The first part of the post introduces the K Nearest Neighbor Algorithm, a popular classification algorithm used in data analytics. The second part describes the MapReduce implementation.
Quote the paragraph below from Wikipedia,
- In k-NN classification, the output is a class membership. An object is classified by a majority vote of its neighbors, with the object being assigned to the class most common among its k nearest neighbors (k is a positive integer, typically small). If k = 1, then the object is simply assigned to the class of that single nearest neighbor.
K Nearest Neighbor (KNN) Join takes in two data sets R and S. It compares every point in R against every point in S, and outputs results based on all pairwise comparisons, which leads to a complexity of O(|R| |S|) . KNN Join is representative of many large scale data analytics applications that examine interactions among different large data sets such as in-memory hash-joins, spatial range joins, and similarity-based search in databases. For example, the KNN Join is like the Fragment Replicated Join in PIG and Map Side Join in Hive.
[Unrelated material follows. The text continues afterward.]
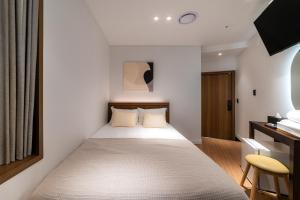 LAHA Boutique DDP Dongdaemun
Since the two data sets are too large to fit in one node, the MapReduce KNN Join application has to divide up the data sets to process them across machines in parallel. It is often true that the size of one table S is much larger than the other data set R. The current MapReduce implementation of KNN Join broadcasts the smaller R to every map task and divides up the larger S to stream each datum through the mappers.
In the map stage, the application loads the smaller data set R into the memory of each map
task. The Hadoop MapReduce system then uses the larger data set S as input to the
MapReduce job. The Hadoop MapReduce runtime splits up S into small
pieces and uses them as input to each map task. The map function calculates the distance
between two data points in R and S. The memory footprint of the mapper
JVM is large because the data structure containing R takes up a lot of memory
R can’t be garbage collected because every (key,val) pair needs to compare
against it. In the reduce stage, the application goes through each data point in R
and chooses the closest K data points in S. The optimized algorithm uses very
little time during the reduce phase.